See QLogic website for latest version, you must ensure the firmware version is compatible with the current running driver version. Requires SANsurfer to be installed 1st (see above)

  1. Put the downloaded tgz file on a NFS Share, eg q231x_234x_bios147.zip, and unzip to folder
  2. Create a new folder for the update;
    • mkdir /var/updates/q231x_234x_bios147
  3. Copy the firmware onto the ESX server;
    • cp q231x_234x_bios147/QL23ROM.BIN /var/updates/q231x_234x_bios147/
  4. Move to the folder containing the update;
    • cd /var/updates/q231x_234x_bios147/
  5. Start the SANsurfer utility
    • scli
  6. Go into the HBA Utilities option
  7. Select the 'Save Flash option
  8. Follow the prompts to save the flash to a backup file, eg BackupROM.bin
  9. Select the Update Flash option
  10. Follow the prompts to update the flash, using the file copied to the ESX, eg QL23ROM.BIN
Enter a file name or Hit <RETURN> to abort: QL23ROM.BIN
Updating flash on HBA 0 - QLA2340 . Please wait...
Option ROM update complete. Changes have been saved to the HBA 0.
Please reboot the system for the changes to take effect.
Updating flash on HBA 1 - QLA2340 . Please wait...
Option ROM update complete. Changes have been saved to the HBA 1.
Please reboot the system for the changes to take effect.


SAN Downtime

ESX's don't like to loose the SAN, to the extent that during the scheduled SAN downtime the following is recommended...

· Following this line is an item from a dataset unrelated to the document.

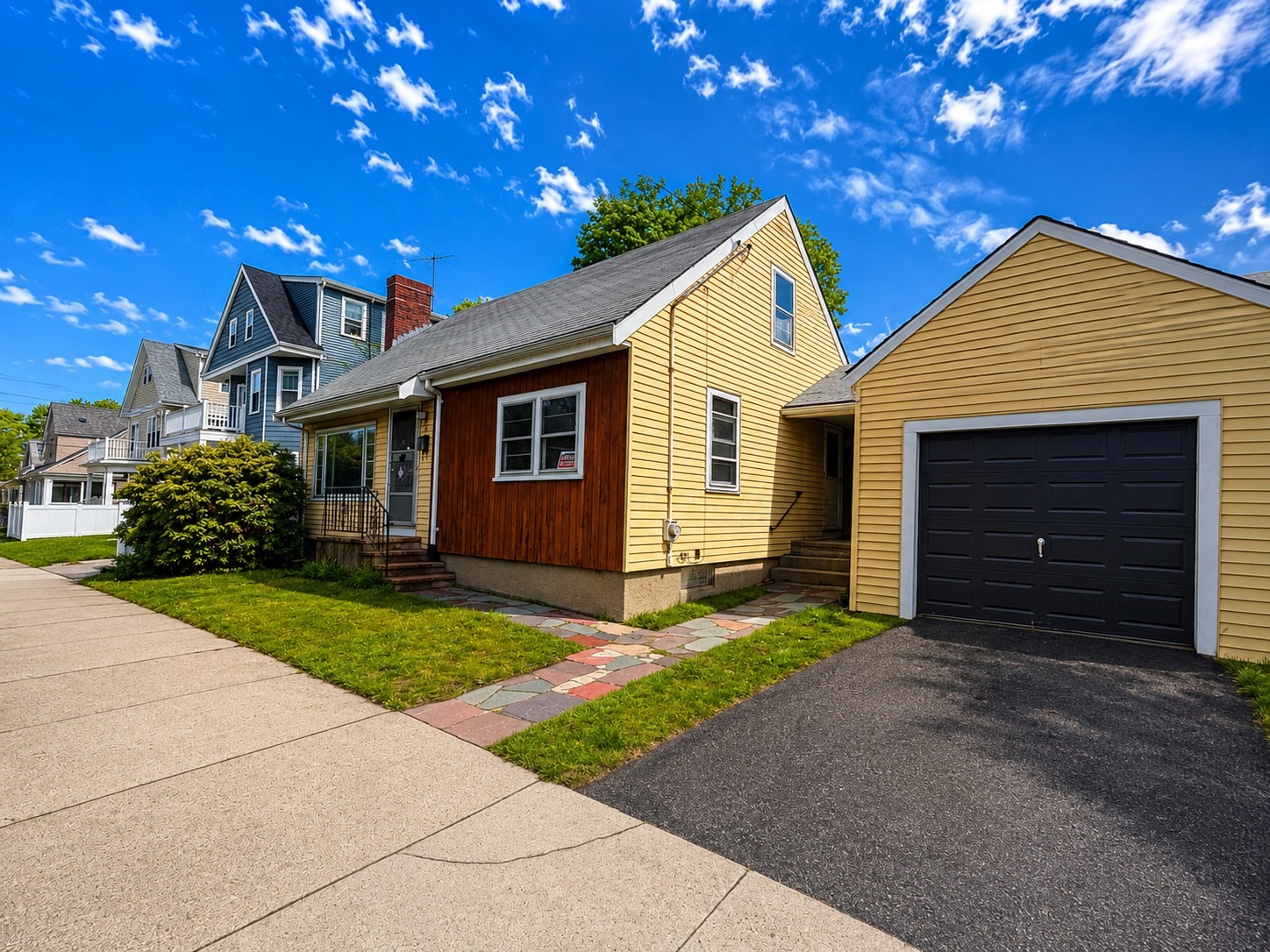 7 Lorette St Property Photo 1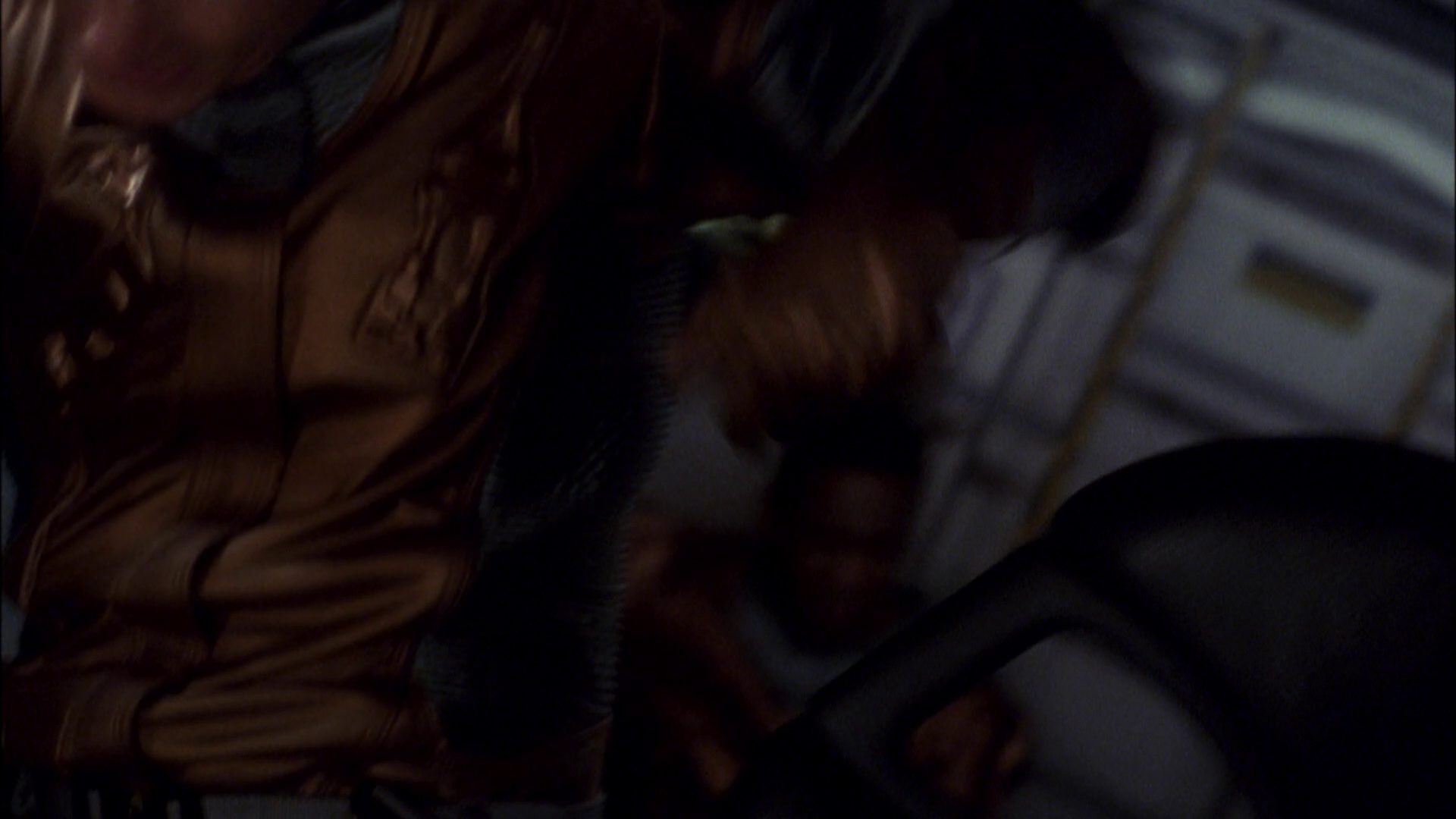 extant_StarTrek_ENT_1x08-BreakingTheIce_3225.jpg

  1. Shutdown ESX's (and hosted VM's) connected to affected storage
  2. Perform SAN maintenance
  3. Restart ESX's (and hosted VM's)

If the above is not possible then its recommended that...

  1. Migrate away/shutdown VM's that are hosted on affected storage
  2. Un-present LUN's
  3. Resan LUN's from ESX and confirm they disappear (any VM's on extinct storage will become greyed-out)
  4. Perform SAN maintenance
  5. Re-present LUN's
  6. Re-scan LUN's from ESX and confirm that they re-appear (grey-ed out VM's should reconnect)
  7. Restart / migrate VM's

Netflow

Netflow is available on ESX v3 only, and is an experimental feature. Netflow v5 is sent.

  • To start Netflow
    1. Load the module
      • vmkload_mod netflow
    2. Configure monitoring of appropriate vSwitch's to Netflow collector IP and port
      • /usr/lib/vmware/bin/vmkload_app -S -i vmktcp /usr/lib/vmware/bin/net-netflow -e vSwitch0,vSwitch1 10.20.255.31:2055
    • To reconfigure the Netflow module you must stop and restart the module
  • To confirm running
    1. Check the module is running...
      • [root@esx1 root]# vmkload_mod -l | grep netflow
      • netflow 0x9b4000 0x3000 0x298b640 0x1000 16 Yes
    2. Check the correct config is running...
      • [root@esx1 root]# ps -ef | grep netflow
      • root 2413 1 0 Feb05 ? 00:00:00 /usr/lib/vmware/bin/vmkload_app -S -i vmktcp /usr/lib/vmware/bin/net-netflow -e vSwitch0,vSwitch1 10.20.255.31:2055
  • To stop Netflow
    1. ps -ef | grep netflow
    2. kill <pid>
    3. vmkload_mod -u netflow

Change Service Console IP Information

Logged in as root use the esxcfg-vswif command esxcfg-vswif <options> [vswif]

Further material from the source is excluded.